*Exercise objective*: Nothing but the pictures should be dropped; repeat the rest of the data below exactly.

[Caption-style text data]
——————————

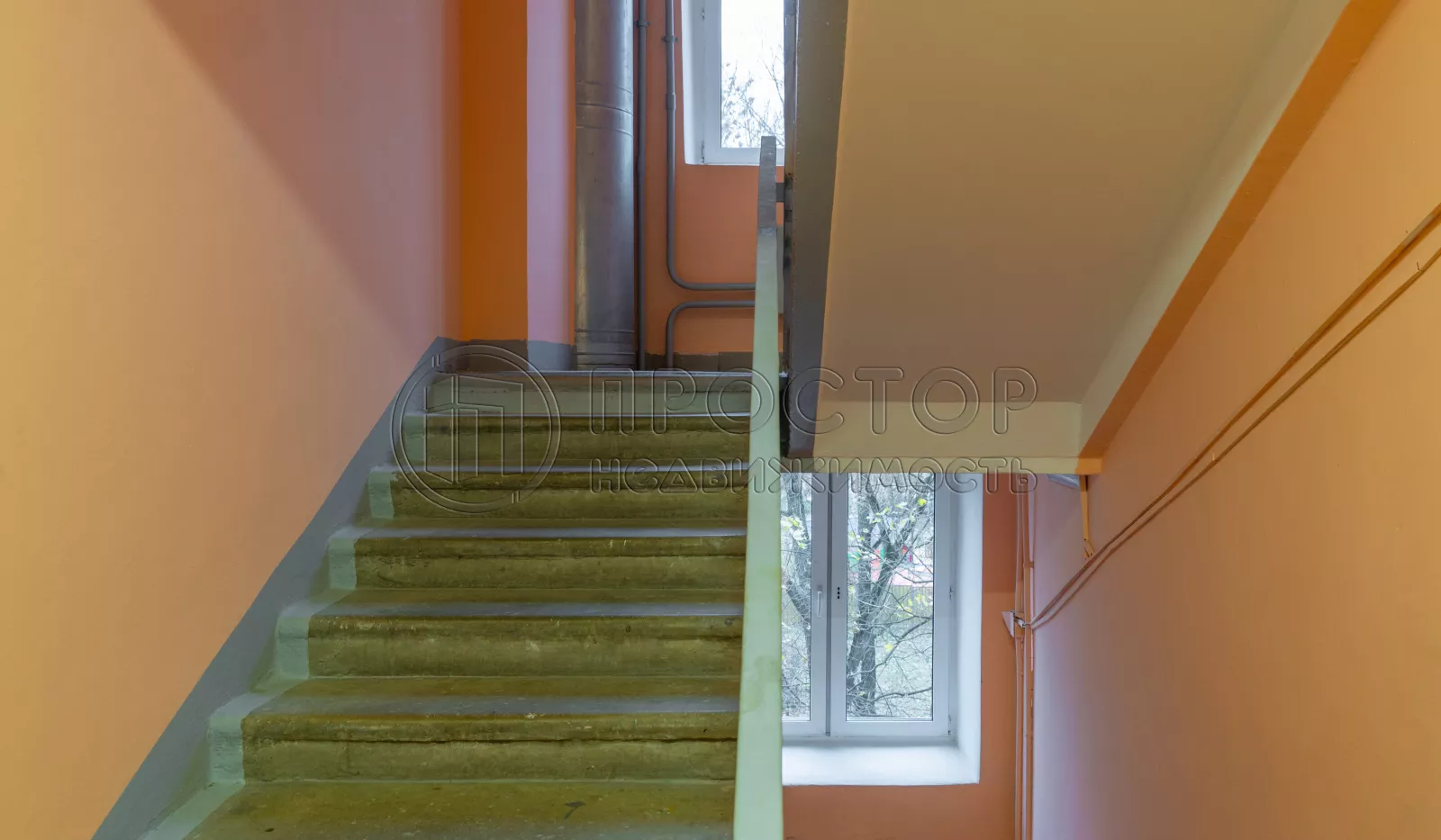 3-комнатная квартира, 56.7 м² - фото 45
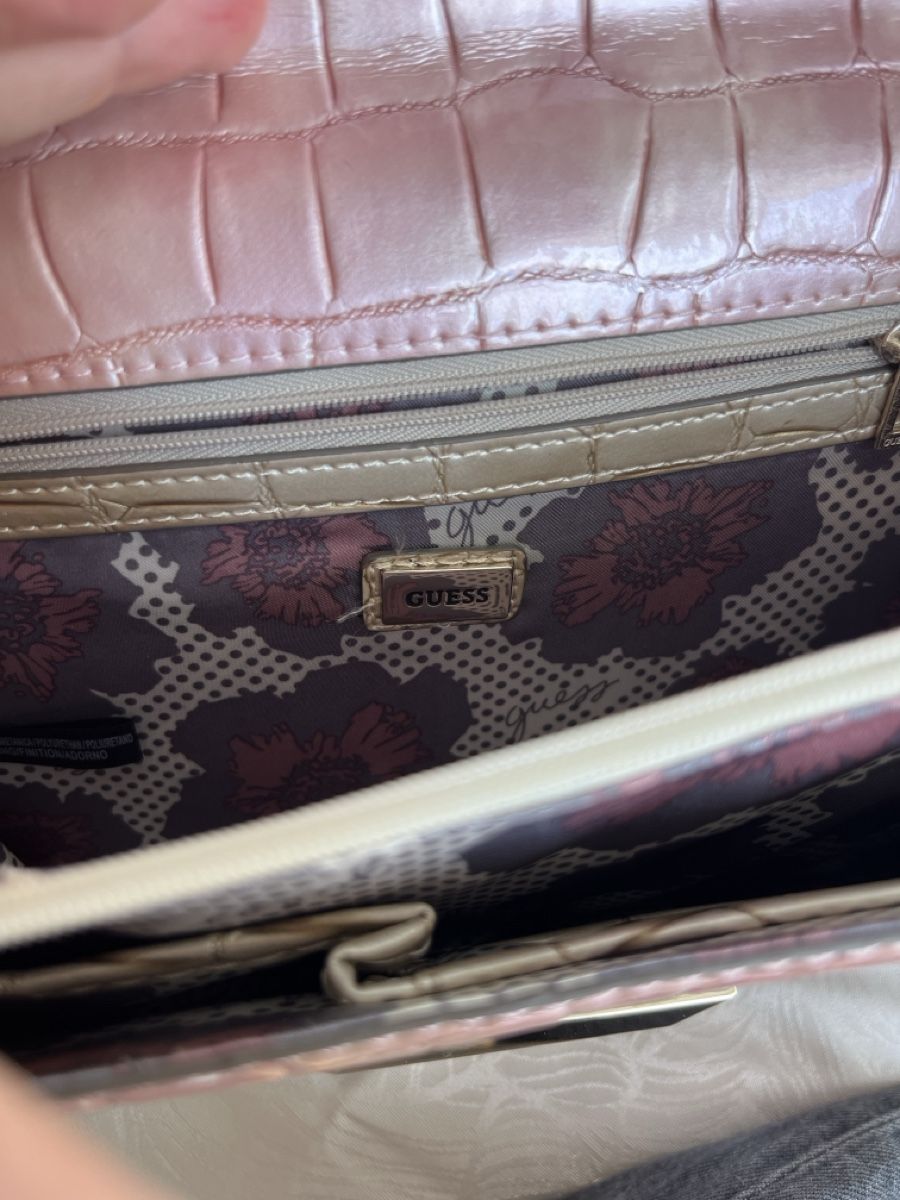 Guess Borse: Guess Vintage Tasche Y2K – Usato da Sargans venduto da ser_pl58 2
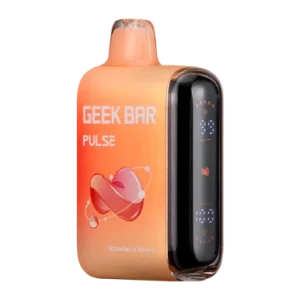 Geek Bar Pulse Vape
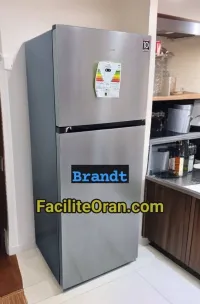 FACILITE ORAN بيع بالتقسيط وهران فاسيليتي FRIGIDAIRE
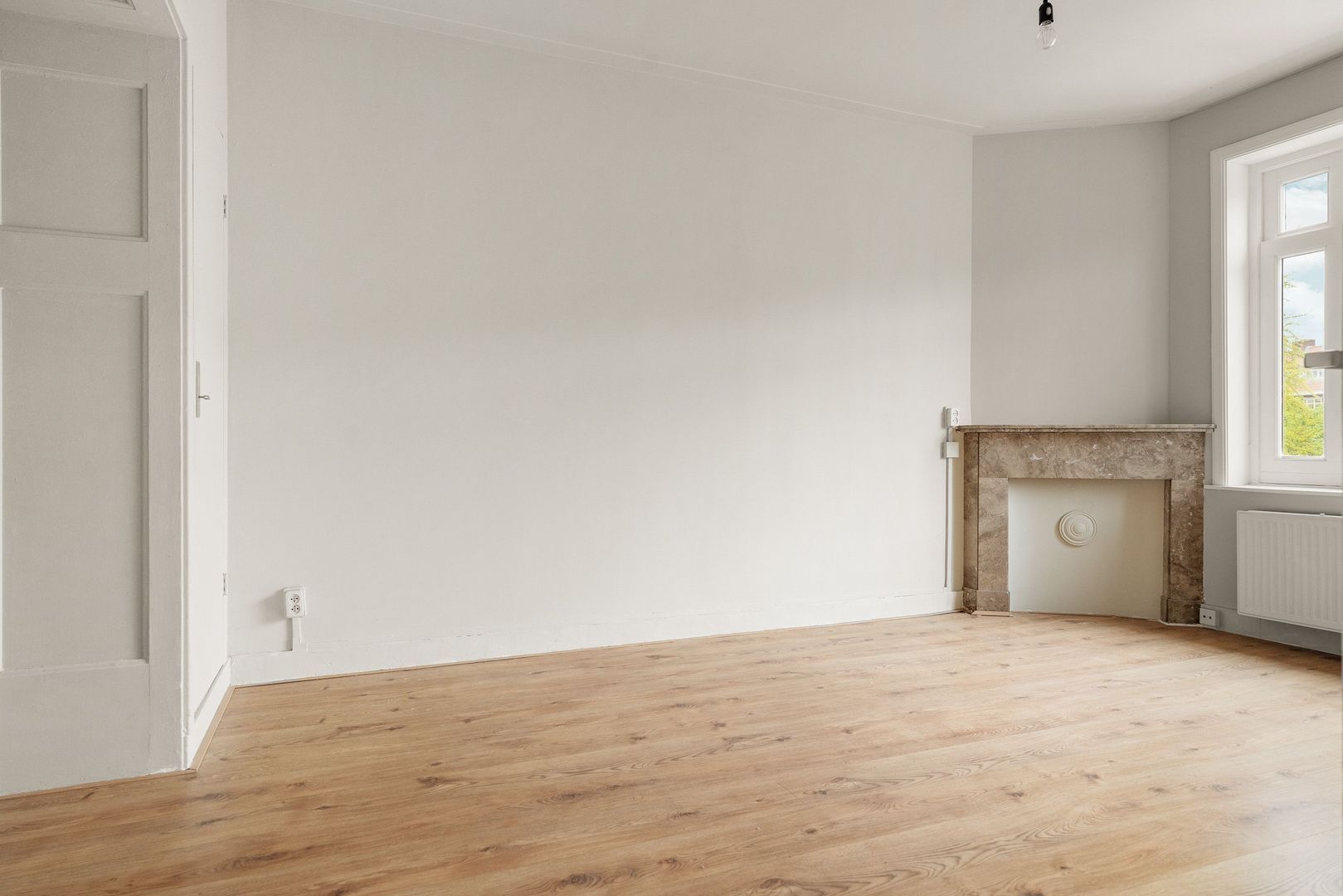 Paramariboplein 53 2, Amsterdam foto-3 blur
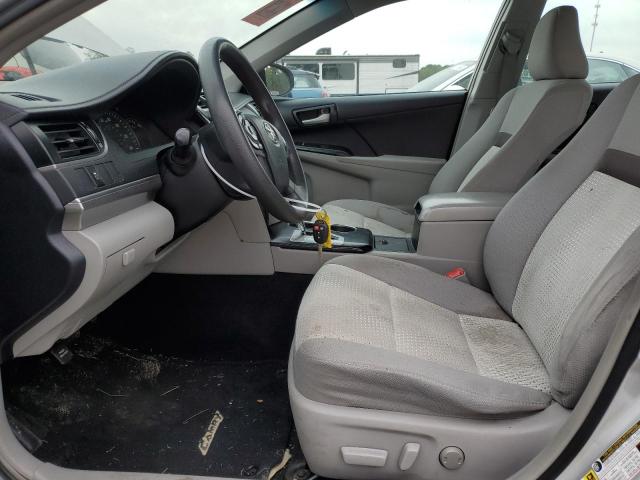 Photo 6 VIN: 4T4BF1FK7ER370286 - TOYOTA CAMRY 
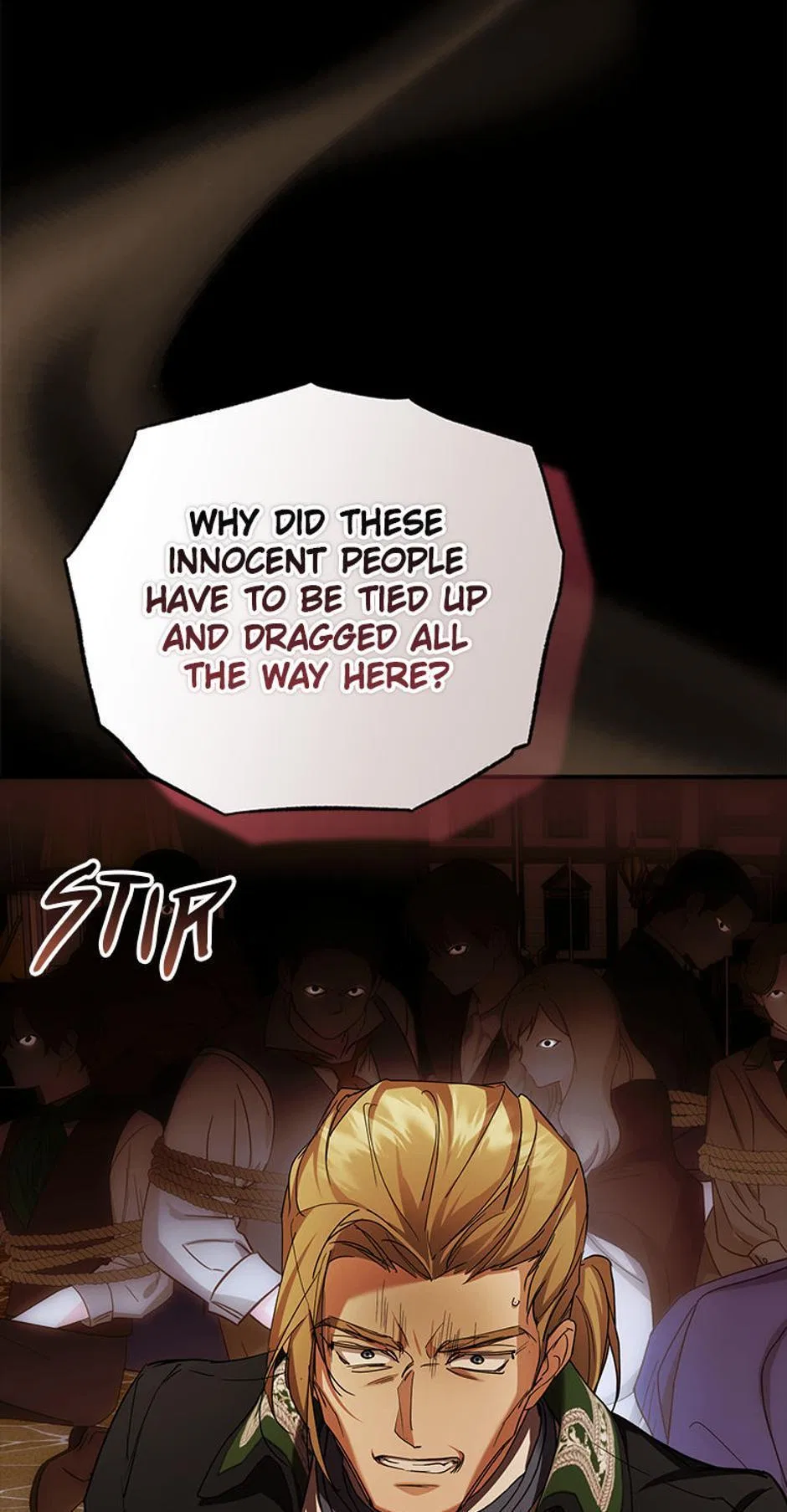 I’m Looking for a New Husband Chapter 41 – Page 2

——————————

*Response for this exercise*:
 3-комнатная квартира, 56.7 м² - фото 45
 Guess Borse: Guess Vintage Tasche Y2K – Usato da Sargans venduto da ser_pl58 2
 Geek Bar Pulse Vape
 FACILITE ORAN بيع بالتقسيط وهران فاسيليتي FRIGIDAIRE
 Paramariboplein 53 2, Amsterdam foto-3 blur
 Photo 6 VIN: 4T4BF1FK7ER370286 - TOYOTA CAMRY 
 I’m Looking for a New Husband Chapter 41 – Page 2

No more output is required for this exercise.